### Exercise goal:
What is needed is an exact reproduction of the listing, without its pictures.

### Information supplied:
------------------------------
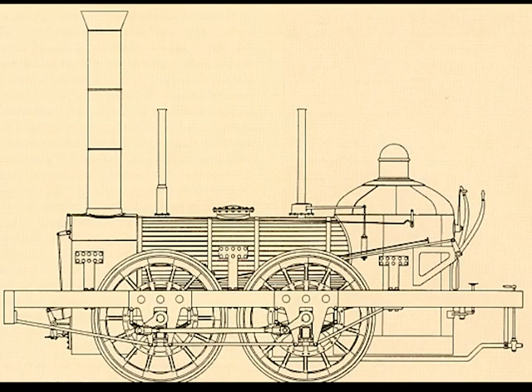Here's a diagram of a similar locomotive built around the same time. This means there are zero leading wheels, four driving wheels, and zero trailing wheels. All of the weight is on the main drive wheels.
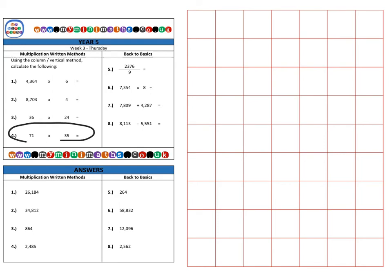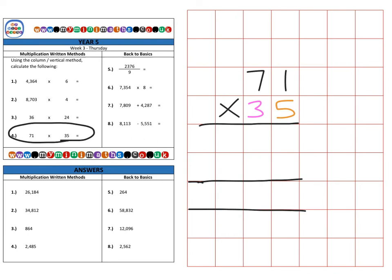Finally, question four — again multiplying by a two-digit number. We have 71 multiplied by 35. We set out our work neatly and first multiply the top digits by the units digit: 5 lots of 1 gives us 5, then 5 lots of 7 is 35 — place the 5 in the tens and carry the 3 into the hundreds. That's the units row completed.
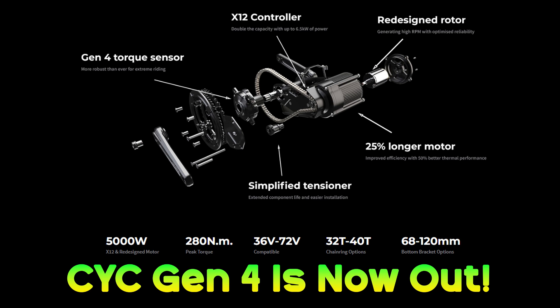The video kind of frustrates me because it's just a puff piece — kind of hypes things up, but when you break it down, it doesn't really tell you anything of much use about the Gen 4. So let's watch and then I'm going to analyze things and make a few suggestions. Because at the end of the day, CYC are really the only company out there making a torque sensor motor with any degree of what can be called high power, so I think they should be making videos that really show this aspect off.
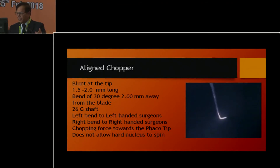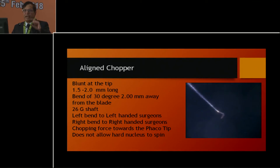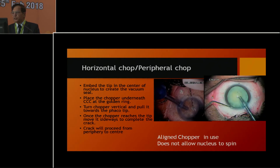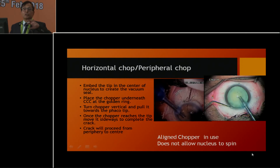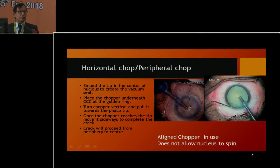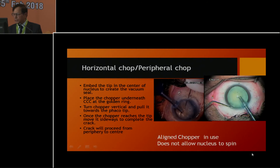The align chopper is blunt at the tip when you are chopping from the periphery. If you use the same chopper as a vertical instrument, it needs to be sharp with a 1.5-millimeter tip, no more, and a 26-gauge shaft. Left-handed surgeons use the left-hand band; right-handed surgeons use the right-hand band. It prevents hard nucleus from spinning around the axis of the phaco tip, produces no stress on the zonules, and is suitable for soft cataract, hard cataract, and brunescent cataract alike. This is known as the align chopper.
------------------------------
### Exercise response:
Here's a diagram of a similar locomotive built around the same time. This means there are zero leading wheels, four driving wheels, and zero trailing wheels. All of the weight is on the main drive wheels.
Finally, question four — again multiplying by a two-digit number. We have 71 multiplied by 35. We set out our work neatly and first multiply the top digits by the units digit: 5 lots of 1 gives us 5, then 5 lots of 7 is 35 — place the 5 in the tens and carry the 3 into the hundreds. That's the units row completed.
The video kind of frustrates me because it's just a puff piece — kind of hypes things up, but when you break it down, it doesn't really tell you anything of much use about the Gen 4. So let's watch and then I'm going to analyze things and make a few suggestions. Because at the end of the day, CYC are really the only company out there making a torque sensor motor with any degree of what can be called high power, so I think they should be making videos that really show this aspect off.
The align chopper is blunt at the tip when you are chopping from the periphery. If you use the same chopper as a vertical instrument, it needs to be sharp with a 1.5-millimeter tip, no more, and a 26-gauge shaft. Left-handed surgeons use the left-hand band; right-handed surgeons use the right-hand band. It prevents hard nucleus from spinning around the axis of the phaco tip, produces no stress on the zonules, and is suitable for soft cataract, hard cataract, and brunescent cataract alike. This is known as the align chopper.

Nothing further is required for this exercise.